TXT Registry for Ownership Management

external-dns uses TXT records to track which cluster owns which DNS records. The --txt-owner-id flag sets a unique identifier per cluster:

1
2
3
# Each cluster gets a unique TXT owner ID
external-dns --txt-owner-id=cluster-prod-us-east-1
external-dns --txt-owner-id=cluster-prod-eu-west-1

This prevents clusters from deleting each other’s DNS records during reconciliation. The ownership TXT record is stored alongside the actual DNS record and is checked before any modification.

DNS Record TTL Configuration

You can control TTL values per-record via annotations or globally via the --txt-ttl flag:

1
2
3
metadata:
  annotations:
    external-dns.alpha.kubernetes.io/ttl: "60"  # 60 seconds for fast updates

For production services, use higher TTL values (300-3600 seconds) to reduce DNS query load. For development environments, lower TTL values enable faster DNS propagation during testing.

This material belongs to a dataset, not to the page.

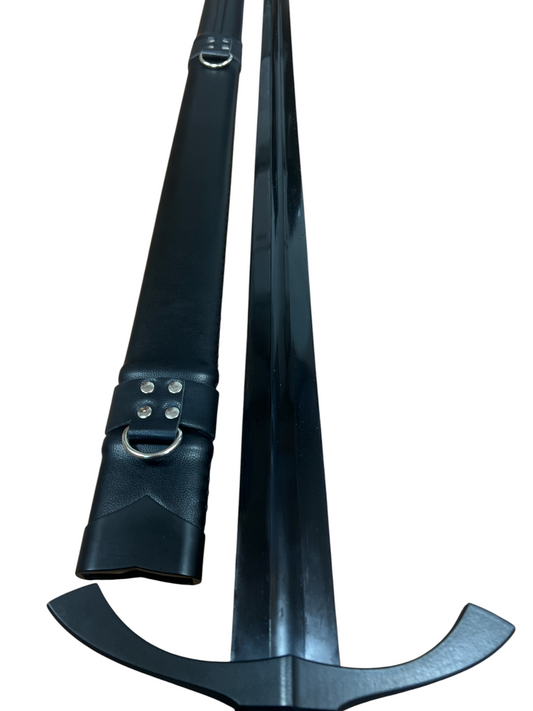 Dark Knight Broadsword - 1065 High Carbon Black Steel - Battle Ready - Includes Genuine Leather Scabbard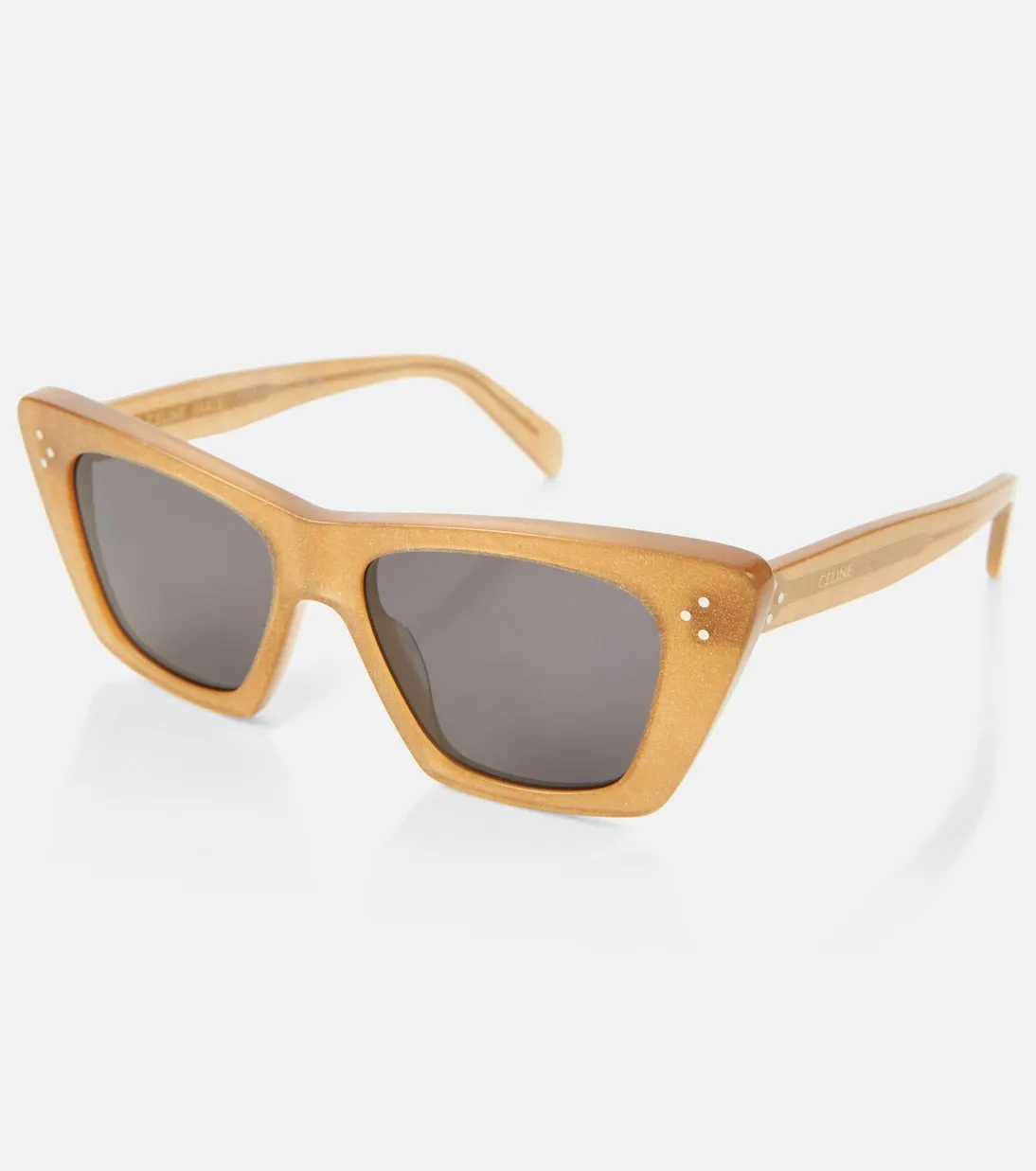 Celine Eyewear Bright 3 Point Cat Eye Sunglasses, Yellow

Upstream DNS Provider Performance

When choosing a DNS provider for external-dns, consider API rate limits and propagation speed:

Provider	API Rate Limit	Propagation Speed	Cost
Cloudflare	1,200 requests/5 min	~5 seconds	Free tier available
AWS Route 53	5 requests/second	~60 seconds	$0.50/zone/month
Google Cloud DNS	Unlimited (with quotas)	~30 seconds	$0.40/zone/month
RFC 2136 (BIND)	Unlimited	Immediate	Free (self-hosted)
PowerDNS	API configurable	~1 second	Free (self-hosted)

For self-hosted deployments, RFC 2136 with BIND or PowerDNS provides the best performance and zero cost. For cloud deployments, Cloudflare offers the best balance of speed, reliability, and cost.